One of the big benefits of kayaking, in Jeremiason’s eyes, is it is therapeutic.
“Any kind of sport that you are doing a rhythmic motion — cycling, running, kayaking — I think there is a mental health component to that,” he said. “And the fact that you are out in nature and doing something that is human powered. Healthwise it is exercise and it’s good for you back, core and shoulders if you have good technique.”

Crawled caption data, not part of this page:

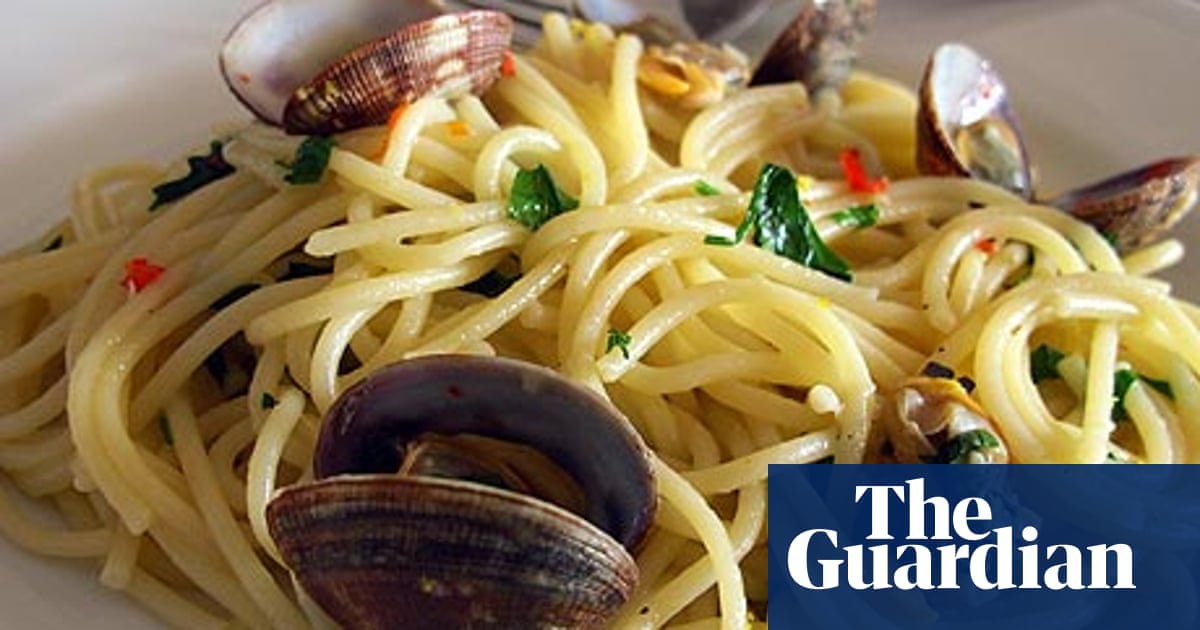 How To Cook Perfect Spaghetti Alle Vongole Pasta The Guardian How To Cook Perfect Spaghetti Alle Vongole Pasta The Guardian
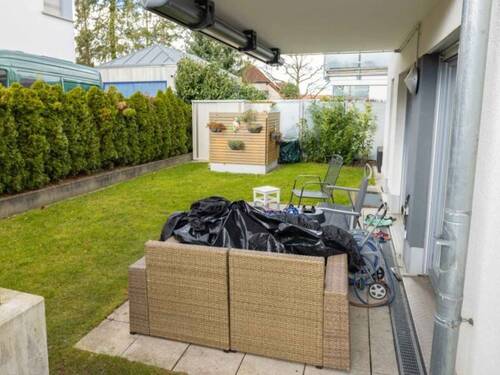 Eigene Terrasse - 3 Zimmer Terrassenwohnung zum Kaufen in Schwaig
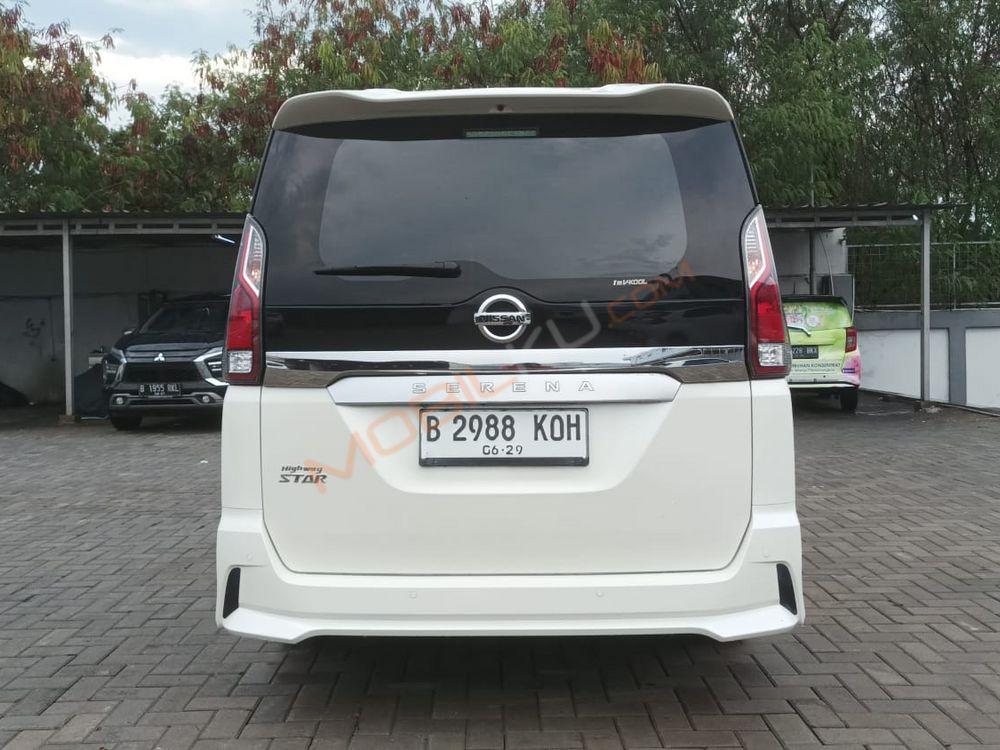 Mobil Nissan Serena 2019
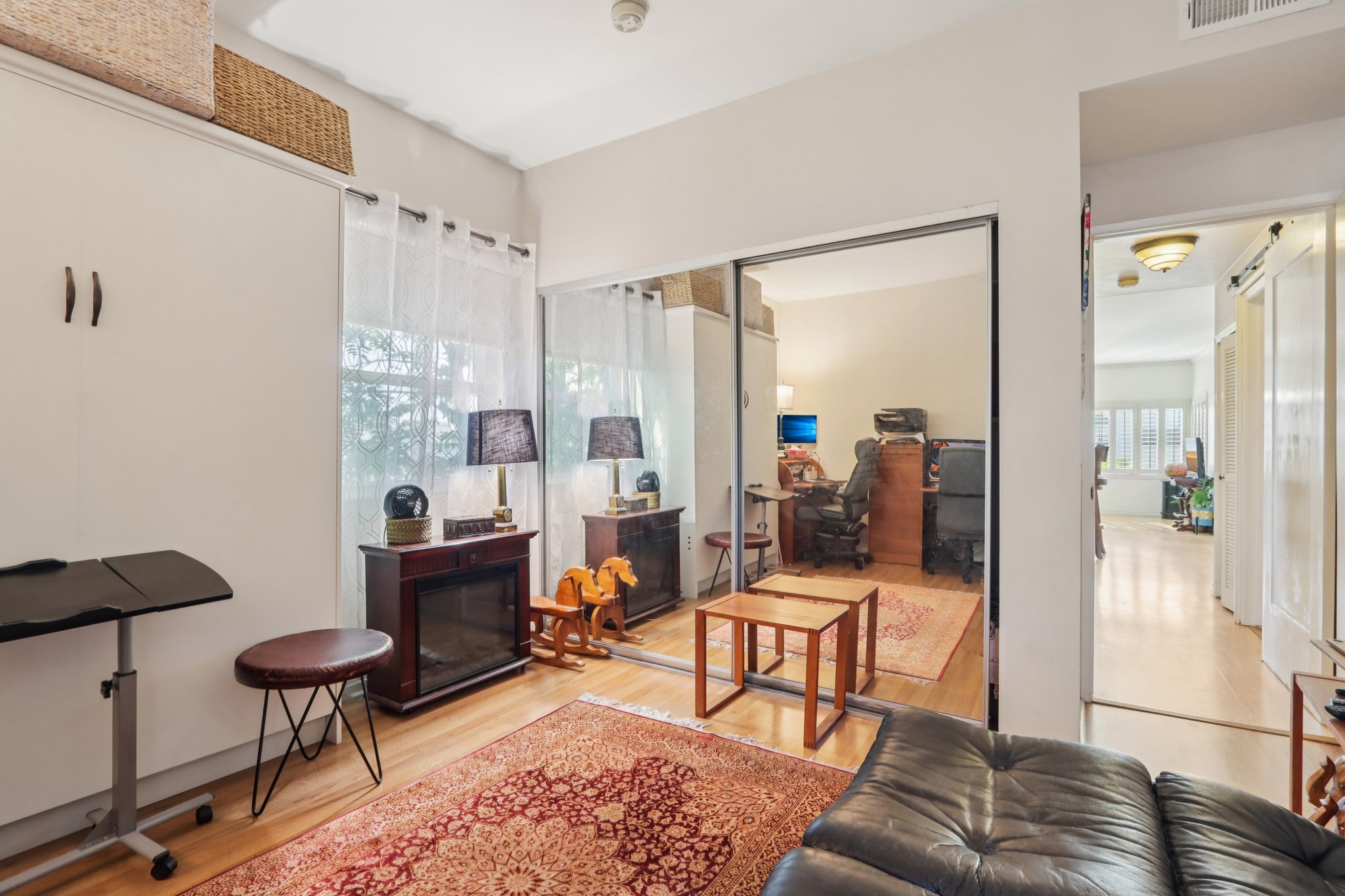 S Los Robles Ave-S0811-012.jpg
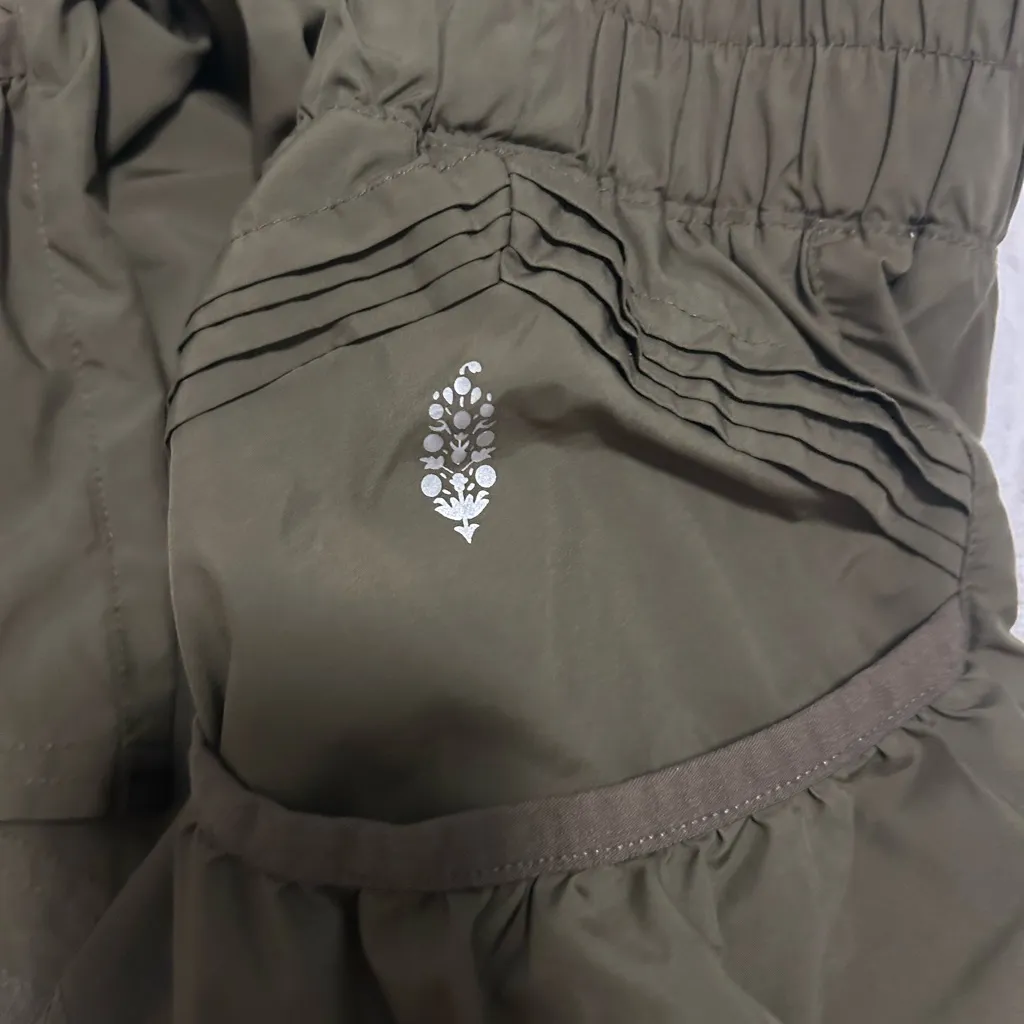 Free people “get your flirt on” Green Size M - Image 4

Jeremiason got his start in kayaking in the Apostle Islands in northern Wisconsin, a trip he makes with the Paddle Folk once a year. After moving to the Brainerd lakes area he started Paddle Folk to introduce kayaking to more people.
One of the favorite paddles the Paddle Folk group does is on Bay Lake. The group goes across the lake to a woodfire pizza oven to eat some pizza before heading back.
“It’s much more of a social outing than a kayak outing,” Jeremiason said.
Jeremiason agrees with Kidder that safety should be a priority to those who are starting to kayak.
For those who aren’t looking to join a club, the Paddle Anglers Kayak Fishing and Rentals in Baxter provides one of the many places to rent a kayak in the Brainerd lakes area. Pat and Joleen Zerwas both run the rental business.
Joleen Zerwas said one of the hidden gems to kayak is not on a lake, but on the Mississippi River.
“It’s beautiful,” she said. “I’m not sure many people have experienced the Mississippi River in town. In the fall time, it’s gorgeous and it’s a different outlook on the town.”
As the five members of the Paddle Pushers kayak into the sunset, the world feels normal for them, because it is.
“It’s a way to get out and see people,” Johnson said.